Questions: Given that x-6 is a factor of P(x)=x^3-8 x^2+9 x+18, factor the polynomial in terms of linear factors. P(x)=

Transcript text: Given that $x-6$ is a factor of $P(x)=x^{3}-8 x^{2}+9 x+18$, factor the polynomial in terms of linear factors. \[ P(x)= \]

Solution

Solution Steps

Solution Approach

Since $x-6$ is a factor of $P(x)$, use polynomial division or synthetic division to divide $P(x)$ by $x-6$.
The quotient will be a quadratic polynomial.
Factor the resulting quadratic polynomial into linear factors.
Combine all the linear factors to express $P(x)$ in terms of linear factors.
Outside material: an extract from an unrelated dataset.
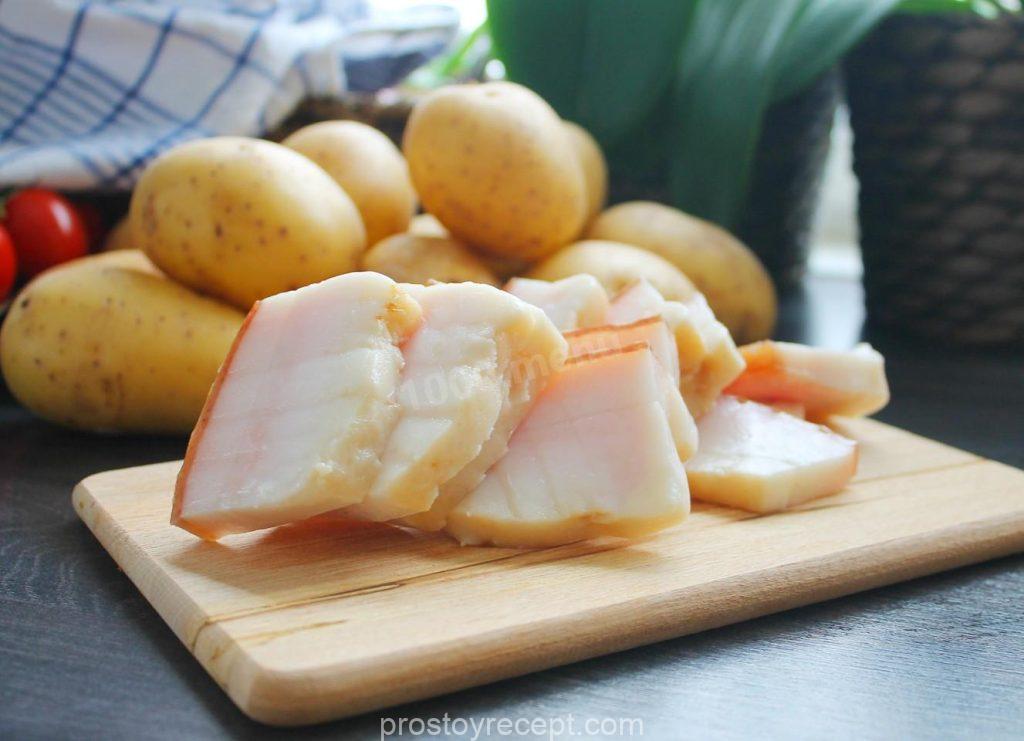 Для этой картошки с салом, запеченной в фольге на углях,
Step 1: Identify the Factor

Given that $x - 6$ is a factor of the polynomial $P(x) = x^3 - 8x^2 + 9x + 18$, we can express $P(x)$ as: \[ P(x) = (x - 6)Q(x) \] where $Q(x)$ is a quadratic polynomial.

Step 2: Perform Polynomial Division

By dividing $P(x)$ by $x - 6$, we find the quotient: \[ Q(x) = x^2 - 2x - 3 \]
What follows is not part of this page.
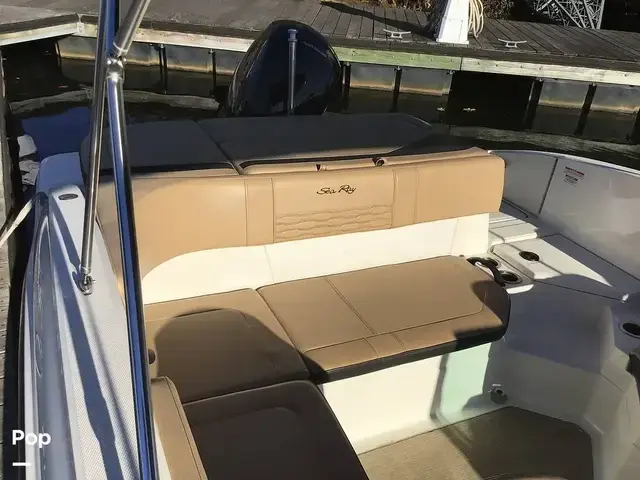 Sea Ray 210 SPX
Step 3: Factor the Quadratic Polynomial

Next, we factor the quadratic polynomial $Q(x)$: \[ Q(x) = (x - 3)(x + 1) \]

Step 4: Combine All Factors

Now, we can express the original polynomial $P(x)$ in terms of its linear factors: \[ P(x) = (x - 6)(x - 3)(x + 1) \]